2015年6月のセキュリティクラスターは、日本年金機構が標的型攻撃を受け、100万人分もの個人情報を漏えいしてしまったことが大きな話題となりました。同じような攻撃が他の組織に対して行われていたことが分かり、この月は標的型攻撃と情報漏えいについてのツイートが絶えることはありませんでした。
他人の無線LANを無断で利用していた人が不正アクセス禁止法で逮捕されたことや、家具を販売するニトリのWebサイトがリニューアルに失敗し、アクセスできなくなったことについてもよくツイートされていました。
2015年6月に入るやいなや、大きなニュースが飛び込んできました。日本年金機構が標的型攻撃を受けて、基礎年金番号や氏名を含んだ大量の個人情報を漏えいしたというのです。これはセキュリティクラスターでも大きな話題となり、2015年6月は「年金機構」の文字が常にタイムラインを賑わせることになります。

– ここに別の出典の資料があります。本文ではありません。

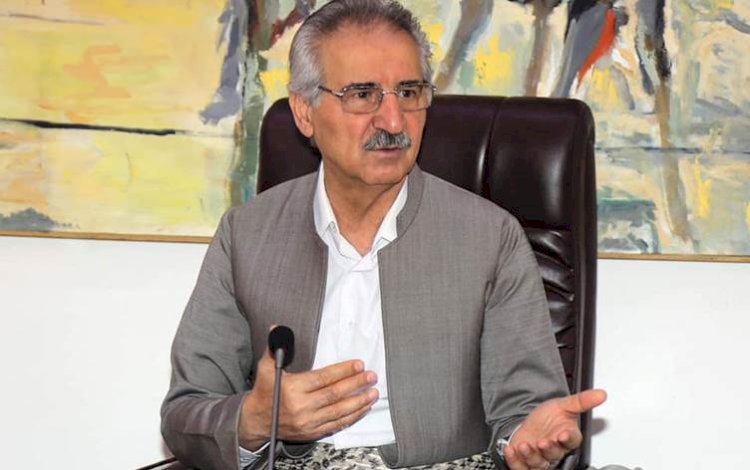 Mela Bextiyar: 'Irak Federal Mahkemesi’nin kararı savaş çığırtkanlığıdır'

当初、流出した情報は地域に偏りがあり、特に多かったのは沖縄県の情報だったとのことでしたが、最終的には全国47都道府県すべての情報が流出し、101万件にも及んでいたことが明らかになります。
標的型攻撃に遭った端末を操作していた人を責めるツイートも見られましたが、最近の標的型攻撃は本来の仕事で送られてくるメールと区別が付かないほど精巧なので、普通の人はまず引っかかってしまうのは仕方ないという意見が多かったようです。
それよりも疑問とされたことは「インターネットに接続されないよう切り離された運用形態だったはずなのに、どうして漏れてしまったのか」ということでした。

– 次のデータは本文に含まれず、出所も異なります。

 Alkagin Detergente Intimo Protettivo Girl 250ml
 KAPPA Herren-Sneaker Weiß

ここには、運用の問題があったようです。実は作業に使用する個人情報データファイルを、インターネットに接続された共有フォルダーにコピーして、それを使って作業を行っていたというのです。また作業を行うファイルにはパスワードをかけ作業後には消去されることになっていたのですが、いずれも運用が徹底されていませんでした。タイムラインでも、日本年金機構の運用に問題があったのでは、という疑問が多く見られました。
それに加え、上長に報告が行われていなかったこと、マルウエアに感染したことを把握していたにも関わらず、感染端末をネットワークから切り離さなかったこと、2015年4月にパスワードが設定されていないことを知りながら放置していたことなど、少しずつずさんな運用が明らかになります。さらに、現場で仕事をしていた人によるブラックな環境の暴露や、2ちゃんねるに感染した情報を漏らしていた人を提訴するという報道もあり、日本年金機構という組織に対してあきれるツイートが多かったです。
加えておわびを掲載していたWebサイトにも脆弱性が見つかって数日間閉鎖されるなど、日本年金機構は大変な目にあった1カ月でした。